内的自己対話-川の畔のささめごと

日々考えていることをフランスから発信しています。自分の研究生活に関わる話題が多いですが、時に日常生活雑記も含まれます。

小論文添削道場主からのメッセージ

2020-11-07 23:59:59 | 講義の余白から

 今週の日本語小論文のお題は、「他人のつらさを自分のつらさのように感じることはできるでしょうか」であったことは今月二日の記事で話題にした。授業で吉野弘の「夕焼け」を朗読し、『この世界の片隅に』の漫画原作とノベライズを一部解説した上での出題であった。明日日曜日の23時59分が締め切りである。
 現在、金曜日夜の時点で、九本届いている。文章力の差は歴然としている。最優秀の学生は、たった三日で二八〇〇字を超える堂々たる文章を書いて送ってきた。内容的にも優れていて、現実世界における共感の困難さと検証不可能性について論じたあと、文学における虚構世界での登場人物との共感的一体化の可能性に文学作品の存在理由の一つとして示すことで締めくくっている。讃辞とともに添削を返送した。
 他方には、ただの一文も直しの入らない文はなく、しかも言いたいことがよくわからないところがあるから完全には直せない文章しか書けない学生もいる。よくわからないから書き直せと言いたいところだが、そうしてもさして改善するとは思えない。またしても添削で真っ赤になった自分の文章を見て、意気阻喪するばかりだろう。ただ、そういう学生も自分が言いたいことがうまくいえないもどかしさに苦しんでいることは文面から察することができる。お題そのものには強い関心があり、言いたいこともいっぱいあるのだ。だが、それが日本語の文章としては表現できない。

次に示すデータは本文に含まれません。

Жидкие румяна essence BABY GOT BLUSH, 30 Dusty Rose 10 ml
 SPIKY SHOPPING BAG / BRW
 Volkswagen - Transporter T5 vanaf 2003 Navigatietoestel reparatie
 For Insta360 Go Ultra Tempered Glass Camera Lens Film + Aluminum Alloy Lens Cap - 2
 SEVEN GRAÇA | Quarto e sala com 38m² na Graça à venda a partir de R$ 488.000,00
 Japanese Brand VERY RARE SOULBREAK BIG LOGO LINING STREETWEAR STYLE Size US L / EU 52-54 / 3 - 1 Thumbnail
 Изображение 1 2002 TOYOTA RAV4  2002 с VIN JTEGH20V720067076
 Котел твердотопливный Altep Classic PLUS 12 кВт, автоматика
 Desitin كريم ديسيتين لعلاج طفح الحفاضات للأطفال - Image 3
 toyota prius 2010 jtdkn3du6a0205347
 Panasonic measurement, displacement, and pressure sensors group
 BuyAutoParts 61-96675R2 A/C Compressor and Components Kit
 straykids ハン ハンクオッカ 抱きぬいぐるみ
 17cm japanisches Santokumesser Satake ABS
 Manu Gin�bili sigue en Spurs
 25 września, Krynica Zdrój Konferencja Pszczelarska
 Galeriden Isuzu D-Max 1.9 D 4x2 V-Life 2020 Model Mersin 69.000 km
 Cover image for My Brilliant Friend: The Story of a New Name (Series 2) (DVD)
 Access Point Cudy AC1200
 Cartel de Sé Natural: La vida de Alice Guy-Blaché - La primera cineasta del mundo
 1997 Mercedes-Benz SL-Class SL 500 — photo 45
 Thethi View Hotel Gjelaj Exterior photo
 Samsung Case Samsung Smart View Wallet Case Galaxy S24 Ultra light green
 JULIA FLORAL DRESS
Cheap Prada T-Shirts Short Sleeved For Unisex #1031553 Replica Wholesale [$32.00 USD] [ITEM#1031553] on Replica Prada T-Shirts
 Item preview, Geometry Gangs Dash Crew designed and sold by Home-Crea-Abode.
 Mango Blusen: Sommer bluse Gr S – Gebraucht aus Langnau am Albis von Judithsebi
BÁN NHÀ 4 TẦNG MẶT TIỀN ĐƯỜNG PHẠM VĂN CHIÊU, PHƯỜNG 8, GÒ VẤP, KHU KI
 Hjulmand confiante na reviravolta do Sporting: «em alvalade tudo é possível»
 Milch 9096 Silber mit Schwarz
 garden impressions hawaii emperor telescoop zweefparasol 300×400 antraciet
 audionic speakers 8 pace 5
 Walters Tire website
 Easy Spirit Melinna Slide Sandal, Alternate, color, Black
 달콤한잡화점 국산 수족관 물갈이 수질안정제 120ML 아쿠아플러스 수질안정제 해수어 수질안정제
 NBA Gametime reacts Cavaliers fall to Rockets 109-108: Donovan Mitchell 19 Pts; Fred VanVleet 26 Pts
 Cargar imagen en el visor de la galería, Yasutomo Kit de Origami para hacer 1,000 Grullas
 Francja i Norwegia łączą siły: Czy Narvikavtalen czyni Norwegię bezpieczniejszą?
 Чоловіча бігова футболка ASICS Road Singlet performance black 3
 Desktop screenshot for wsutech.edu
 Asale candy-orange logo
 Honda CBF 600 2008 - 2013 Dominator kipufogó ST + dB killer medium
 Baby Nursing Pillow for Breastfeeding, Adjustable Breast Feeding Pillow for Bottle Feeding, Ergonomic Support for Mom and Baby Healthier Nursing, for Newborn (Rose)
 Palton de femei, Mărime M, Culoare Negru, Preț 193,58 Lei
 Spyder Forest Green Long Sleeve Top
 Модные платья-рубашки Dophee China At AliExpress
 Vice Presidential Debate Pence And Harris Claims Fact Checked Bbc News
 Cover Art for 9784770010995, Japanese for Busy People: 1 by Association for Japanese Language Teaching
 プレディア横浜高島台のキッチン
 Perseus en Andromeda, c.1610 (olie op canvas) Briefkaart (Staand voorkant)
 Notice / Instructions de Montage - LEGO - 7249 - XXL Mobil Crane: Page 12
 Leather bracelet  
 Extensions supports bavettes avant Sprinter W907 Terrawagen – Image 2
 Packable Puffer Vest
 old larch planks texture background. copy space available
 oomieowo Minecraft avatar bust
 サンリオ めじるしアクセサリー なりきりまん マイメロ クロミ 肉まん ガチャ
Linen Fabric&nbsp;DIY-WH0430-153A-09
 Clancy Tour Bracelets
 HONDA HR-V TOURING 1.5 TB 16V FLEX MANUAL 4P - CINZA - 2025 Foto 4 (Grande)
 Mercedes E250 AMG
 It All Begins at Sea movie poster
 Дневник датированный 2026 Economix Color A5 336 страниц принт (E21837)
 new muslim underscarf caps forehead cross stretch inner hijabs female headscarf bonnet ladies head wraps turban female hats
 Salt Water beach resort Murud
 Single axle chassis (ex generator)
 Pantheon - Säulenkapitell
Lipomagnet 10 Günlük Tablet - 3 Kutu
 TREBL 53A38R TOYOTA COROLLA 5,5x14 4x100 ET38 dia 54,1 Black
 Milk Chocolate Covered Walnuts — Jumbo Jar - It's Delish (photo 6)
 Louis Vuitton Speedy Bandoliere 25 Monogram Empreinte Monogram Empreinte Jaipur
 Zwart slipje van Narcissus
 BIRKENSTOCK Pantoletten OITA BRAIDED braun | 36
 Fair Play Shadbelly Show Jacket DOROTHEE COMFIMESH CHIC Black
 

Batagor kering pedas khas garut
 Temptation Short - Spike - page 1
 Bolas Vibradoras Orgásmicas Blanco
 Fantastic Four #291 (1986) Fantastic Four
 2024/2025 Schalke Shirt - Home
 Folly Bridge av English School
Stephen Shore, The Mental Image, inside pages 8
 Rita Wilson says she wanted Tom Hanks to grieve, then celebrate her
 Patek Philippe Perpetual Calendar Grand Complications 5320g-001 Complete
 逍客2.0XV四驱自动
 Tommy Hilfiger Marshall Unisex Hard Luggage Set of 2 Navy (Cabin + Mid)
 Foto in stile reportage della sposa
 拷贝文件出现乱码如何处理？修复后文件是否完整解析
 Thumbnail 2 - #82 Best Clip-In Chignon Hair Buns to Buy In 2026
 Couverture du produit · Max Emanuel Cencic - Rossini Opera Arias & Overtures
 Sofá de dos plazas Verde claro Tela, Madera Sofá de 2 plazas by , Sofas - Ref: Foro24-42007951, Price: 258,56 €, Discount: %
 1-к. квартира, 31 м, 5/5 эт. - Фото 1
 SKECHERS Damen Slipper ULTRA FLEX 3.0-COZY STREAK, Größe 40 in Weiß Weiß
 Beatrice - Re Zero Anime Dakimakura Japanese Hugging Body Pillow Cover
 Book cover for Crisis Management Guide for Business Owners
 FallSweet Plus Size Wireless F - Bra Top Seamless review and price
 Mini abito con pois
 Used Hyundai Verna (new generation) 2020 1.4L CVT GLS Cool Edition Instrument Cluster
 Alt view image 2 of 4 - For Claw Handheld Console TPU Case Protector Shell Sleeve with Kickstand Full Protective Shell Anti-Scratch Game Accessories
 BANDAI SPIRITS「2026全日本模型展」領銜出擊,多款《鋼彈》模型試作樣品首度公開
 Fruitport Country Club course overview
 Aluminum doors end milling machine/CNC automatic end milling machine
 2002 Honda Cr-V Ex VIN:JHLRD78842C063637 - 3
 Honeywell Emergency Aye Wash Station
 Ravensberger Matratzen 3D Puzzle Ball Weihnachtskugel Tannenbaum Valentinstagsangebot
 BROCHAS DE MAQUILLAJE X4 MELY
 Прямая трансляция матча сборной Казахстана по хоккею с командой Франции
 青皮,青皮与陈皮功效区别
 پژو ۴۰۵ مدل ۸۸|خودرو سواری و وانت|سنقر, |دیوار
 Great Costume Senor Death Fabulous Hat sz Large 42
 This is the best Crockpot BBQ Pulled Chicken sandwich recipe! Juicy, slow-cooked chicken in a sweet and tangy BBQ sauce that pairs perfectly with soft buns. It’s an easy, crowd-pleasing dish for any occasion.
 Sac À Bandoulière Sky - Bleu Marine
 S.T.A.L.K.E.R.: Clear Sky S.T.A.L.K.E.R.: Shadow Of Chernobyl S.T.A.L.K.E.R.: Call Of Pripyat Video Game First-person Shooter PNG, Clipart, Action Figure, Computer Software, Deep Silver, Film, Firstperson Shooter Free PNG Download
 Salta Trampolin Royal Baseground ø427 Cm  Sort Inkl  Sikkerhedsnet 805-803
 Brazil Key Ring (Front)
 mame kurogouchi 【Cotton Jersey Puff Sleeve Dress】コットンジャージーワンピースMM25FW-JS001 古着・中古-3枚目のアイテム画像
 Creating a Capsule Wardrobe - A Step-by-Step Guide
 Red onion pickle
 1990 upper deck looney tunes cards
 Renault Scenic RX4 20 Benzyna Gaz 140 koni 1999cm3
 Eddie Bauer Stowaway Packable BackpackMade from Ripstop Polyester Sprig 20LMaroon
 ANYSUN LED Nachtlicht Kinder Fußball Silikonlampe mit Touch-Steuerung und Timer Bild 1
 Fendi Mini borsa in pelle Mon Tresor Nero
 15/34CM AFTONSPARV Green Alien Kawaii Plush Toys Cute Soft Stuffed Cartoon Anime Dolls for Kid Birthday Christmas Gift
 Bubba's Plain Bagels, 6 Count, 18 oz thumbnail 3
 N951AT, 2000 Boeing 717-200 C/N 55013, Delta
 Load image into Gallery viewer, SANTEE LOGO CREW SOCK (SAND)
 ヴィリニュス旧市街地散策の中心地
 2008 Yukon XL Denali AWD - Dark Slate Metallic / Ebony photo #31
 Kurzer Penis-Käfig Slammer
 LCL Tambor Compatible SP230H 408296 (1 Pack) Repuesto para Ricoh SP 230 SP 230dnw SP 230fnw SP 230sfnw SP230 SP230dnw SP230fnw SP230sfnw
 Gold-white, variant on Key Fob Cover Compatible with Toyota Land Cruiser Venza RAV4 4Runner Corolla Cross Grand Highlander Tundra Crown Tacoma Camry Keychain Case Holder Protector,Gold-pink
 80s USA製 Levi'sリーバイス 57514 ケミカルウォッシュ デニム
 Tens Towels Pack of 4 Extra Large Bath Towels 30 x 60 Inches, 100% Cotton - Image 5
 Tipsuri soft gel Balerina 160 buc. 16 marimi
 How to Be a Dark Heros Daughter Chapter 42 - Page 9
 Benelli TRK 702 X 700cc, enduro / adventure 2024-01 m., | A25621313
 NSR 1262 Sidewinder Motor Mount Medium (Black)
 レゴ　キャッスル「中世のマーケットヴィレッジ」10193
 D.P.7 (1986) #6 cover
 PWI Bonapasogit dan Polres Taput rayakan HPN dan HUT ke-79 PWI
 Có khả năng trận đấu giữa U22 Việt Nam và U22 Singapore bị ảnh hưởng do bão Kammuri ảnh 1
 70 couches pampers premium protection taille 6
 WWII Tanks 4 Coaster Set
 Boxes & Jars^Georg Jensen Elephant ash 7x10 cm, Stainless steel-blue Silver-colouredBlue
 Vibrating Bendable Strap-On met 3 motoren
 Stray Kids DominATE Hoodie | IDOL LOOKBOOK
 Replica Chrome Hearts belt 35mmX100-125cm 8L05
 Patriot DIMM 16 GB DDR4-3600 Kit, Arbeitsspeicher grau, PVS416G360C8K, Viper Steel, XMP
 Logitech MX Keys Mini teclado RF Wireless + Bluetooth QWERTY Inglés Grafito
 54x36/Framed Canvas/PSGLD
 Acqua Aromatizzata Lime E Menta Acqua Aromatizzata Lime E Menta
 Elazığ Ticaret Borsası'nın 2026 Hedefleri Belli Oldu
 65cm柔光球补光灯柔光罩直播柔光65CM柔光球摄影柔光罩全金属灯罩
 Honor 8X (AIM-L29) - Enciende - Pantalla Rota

思うこと・考えていることはいろいろあるのに、それが言葉にならないという経験が重なると、学習意欲も削がれてしまう。
 総合的な知力に秀で、日本語の作文能力も決して低くはないが、自分に対する要求水準が高い学生も苦しむ。フランス語での自分の思考の微妙な部分が日本語では表現できていないということがよくわってしまうから、いつも締め切りギリギリまで推敲を重ねる。それでも満足しきれないまま送ってくる。結果、本人が予想していた以上に私の朱が入った添削が送られてくる。本人の言いたいことが私にはよくわかるから、それに相応しいより高度な日本語表現を提案するつもりで朱をいれているのだよと説明を添えて添削された文章を返すのだが、本人は素直にはそれを喜べない。
 自分の日本語力のレベルがよく自覚できていて、その範囲で無理せずに書いてくる学生もいる。言いたいこともよくわかるし、直しの必要もほとんどない。これは一つの賢い選択ではあるのだが、そこに安住していると伸びない。こういう文章に高得点は上げない。むしろやや低めの点数にする。体操競技で難度の低い業でうまくまとめても点数が伸びないのと同じ理屈だ。低めの点数は「もう一歩上を目指せ」という私からメッセージなのだ。